The consistent pulsing and pumping of the heart provides oxygen-rich blood to the entire body when working properly, but heritable heart diseases like hypertrophic cardiomyopathy (HCM) can knock the beat off rhythm.
While HCM is a lifelong disease, symptoms of fatigue, chest pain, fainting and shortness of breath can sometimes be managed through medication-based treatment but not always. Previously, the only surgical option for patients was an open-heart surgery known as surgical septal myectomy, but after assessing the long-term outcomes of a newer minimally invasive surgical option known as alcohol septal ablation (ASA), researchers at MUSC Health have recently reported positive outcomes in the Journal of Invasive Cardiology.
In the longest follow-up study of the procedure, researchers followed the development of ASA over the last 2 decades. Valerian Fernandes, M.D., an interventional cardiologist at MUSC Health and lead author on the paper, says MUSC Health has been a leader in the evolution of the procedure since its inception at Baylor College of Medicine in the 1990s.
“This is the first time we’ve examined the long-term outcomes of ASA like this, since it is a relatively new procedure,” Fernandes said. “And we had such positive results.”
With HCM, the wall between the lower chambers of the heart—the ventricular septum—thickens. This unusual muscle thickness causes muscle stiffness and often results in a narrowing of the chamber and reduced blood outflow from the heart. If the left ventricle blocks blood flow, it is known as obstructive HCM or HOCM, and this form affects over two-thirds of people with HCM.
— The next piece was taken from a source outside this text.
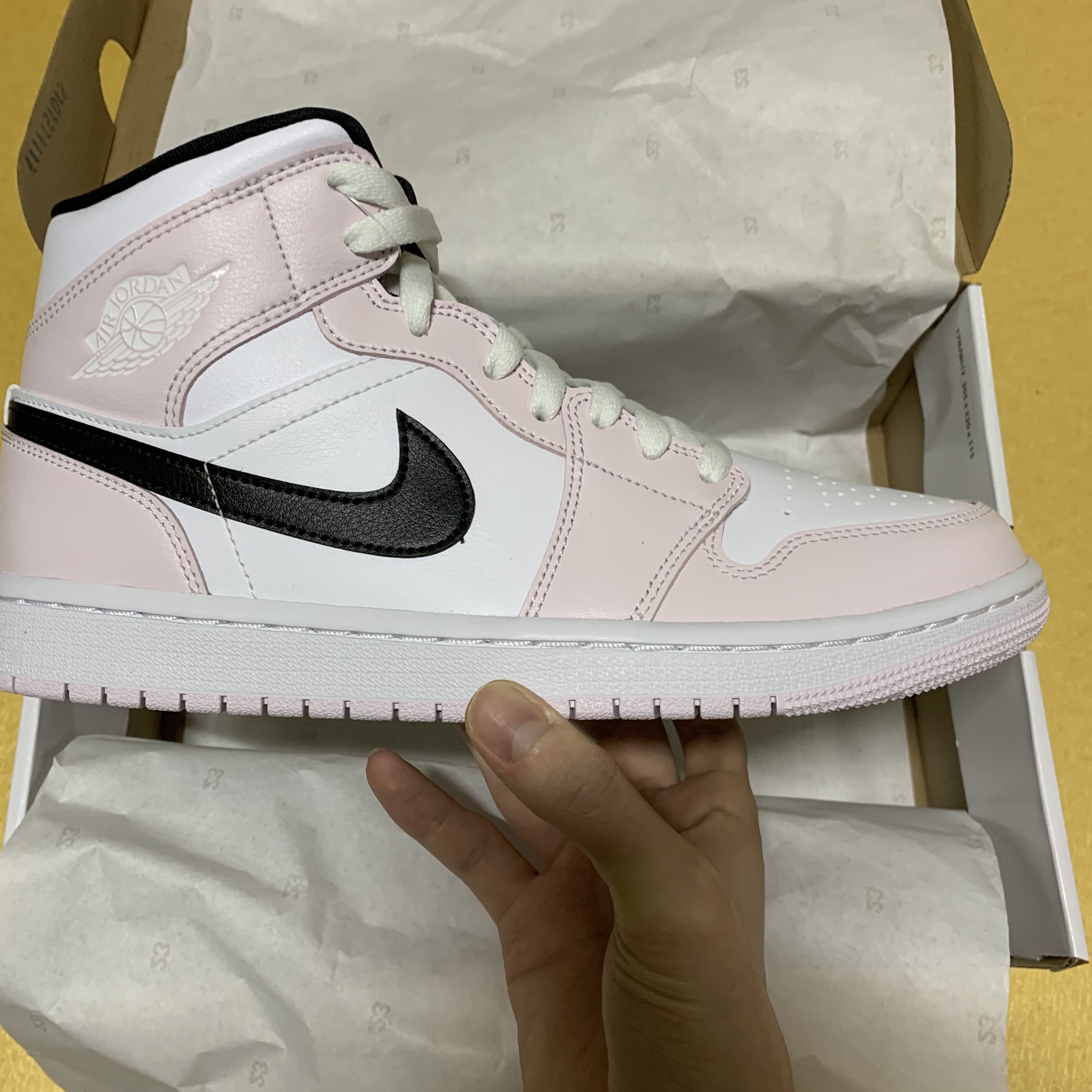 (W) Jordan 1 Mid Barely Rose 착용 스타일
ASA is a minimally invasive procedure that relieves symptoms of HCM and reduces future complications of the disease. Fernandes and his colleagues perform ASA by guiding a thin catheter through either the radial or the femoral artery up to the heart and then injects alcohol selectively into the abnormally thick heart muscle, causing the muscle to shrink. Patients often feel immediate relief and go home within a few days of the procedure.
According to Fernandes, ASA provides outcomes similar to surgical myectomy but with less procedural risk and shorter recovery times for patients. Fernandes and his team found that 94% of patients experienced symptom relief immediately following the procedure. In addition, they reported that ASA is equally as effective as surgical myectomy when looking at patients over the course of two decades.
“I was part of the team at Baylor that first started performing the ASA procedure in the 90s before coming to MUSC,” Fernandes said. “And I have loved having the opportunity in that time to improve upon a procedure that makes patients’ lives better while offering both an easier recovery as well as the same benefits as open-heart surgery.”